It’s the colon cancer screen kit heavily advertised on television, and I had one delivered several days ago and it’s sitting there in my living room right now. I’ll probably send it back later this week. :o
Has anyone else done this, and what was your experience? Yeah, I’m a wimp and opted for this instead of a colonoscopy.
Just get over yourself and sign up for a colonoscopy. When you do, there are approximately one million threads on this board with pertinent advice. I’ve had three. No big deal. The doc does enough of them every day to pay for his/her vacation home in Vail, and doesn’t give a rat’s ass about your ass.
Many insurance companies routinely send the test to their customers.
I never asked for it. It arrived in the mail last year. Then again this year.
I still intend to get another colonoscopy. I have GERD and they scoped both ends last time. I had a lot of irritation & scarring in my esophagus and stomach. The other end was fine. No polyps.
Meanwhile the simple poop on a stick test is reassuring.
I need someone to help me understand my HMO’s protocol:
For several years, my HMO sent the DIY mail-order kit every year.
One year I had a major bout of prolonged constipation for no apparent reason, whereupon the doc ordered up a real colonoscopy. Results were basically good: Just two smallish polyps found, both removed. (From what I understand, that’s nothing. In the “bad” cases they would find a whole forest of them.)
And what has happened since? For whatever reason, once one has the REAL THING, they no longer do the mail-order tests, but instead tell me to have the full colonoscopy done again once every ten years.
No, they’re saying I now should get a real colonoscopy after TEN years, and no more annual DIY mail-order kits in the meantime.
One point the doctor mentioned is that these polyps grow really really slowly, so after taking out a few, there’s no real urgency to check again for another ten years. Okay, that makes sense enough.
But why no more annual DIY kits in the meantime? They certainly can’t be very expensive tests to run every year.
First off some are confusing the inexpensive annual fecal immunochemical test (FIT) with the newer, heavily advertised, and much more expensive Cologuard.

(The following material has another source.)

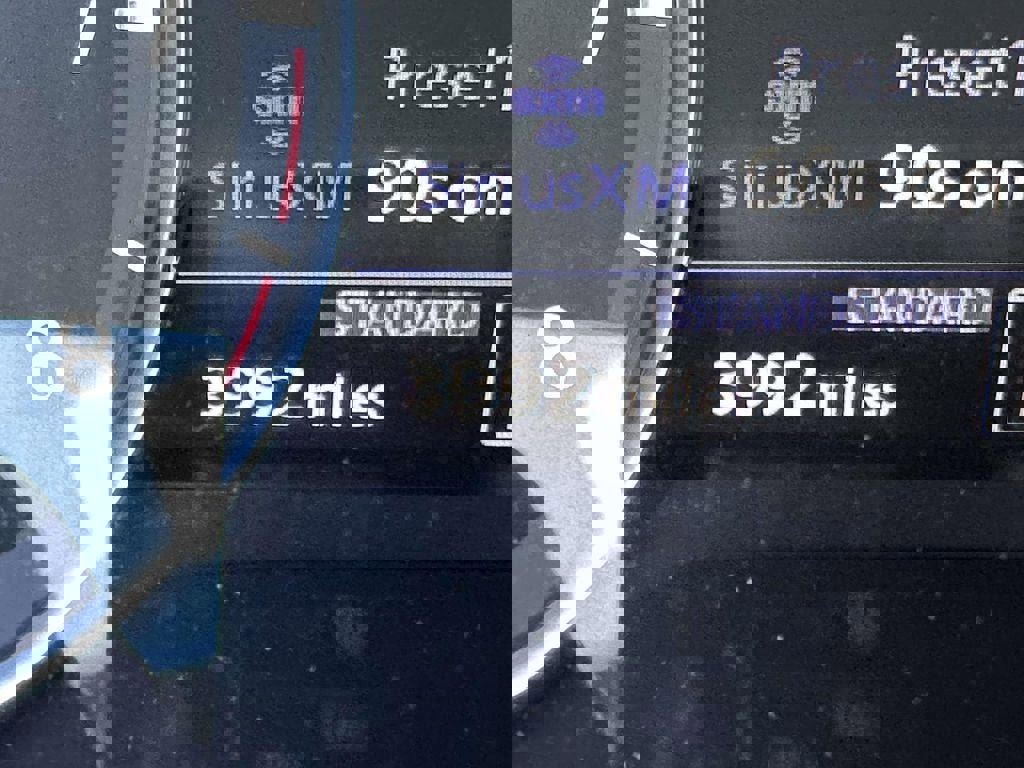 Used 2025 INFINITI QX55 Luxe w/ Cargo Package image 35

FIT is yearly, has a fairly low false positive rate, and done yearly will be not quite but almost as good as the gold standard of colonoscopy. Cologuard is tentatively every three years and has a higher false positive rate. Positives in either result in going to gold standard, colonoscopy, which is both screening and diagnostic. Cologuard will miss fewer than FIT as a one time test but testing is not a one time test. It is not clear that it every three years will miss fewer than annual FIT. It is likely to have more false positives.

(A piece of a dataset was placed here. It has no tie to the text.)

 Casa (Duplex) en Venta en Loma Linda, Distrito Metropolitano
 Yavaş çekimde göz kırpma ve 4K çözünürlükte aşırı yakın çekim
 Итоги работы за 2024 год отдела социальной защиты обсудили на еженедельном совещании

Annual FITs once you’ve done the gold standard are more likely to result in false positives and an earlier than needed additional colonoscopy than a new true positive.
Someone at higher risk because of past polyps or family history really should go with gold standard.
There is no reason to believe that Cologuard every three adds any advantage over annual FITs. It does however cost much more. Many who start in either stool testing arm will shift over to colonoscopy due to the false positive rates.
If you’ve had a colonoscopy does the poop test add anything? Because I have had the former, but the lab still keeps giving me the latter. (And I just throw them away, and no one seems to care. Seems wasteful.)
Despite my screen name, IANAD IRL. That said, I do have experience with Cologuard and have done a substantial amount of research. I think the question is “Why do an invasive procedure of any kind when it’s not necessary?”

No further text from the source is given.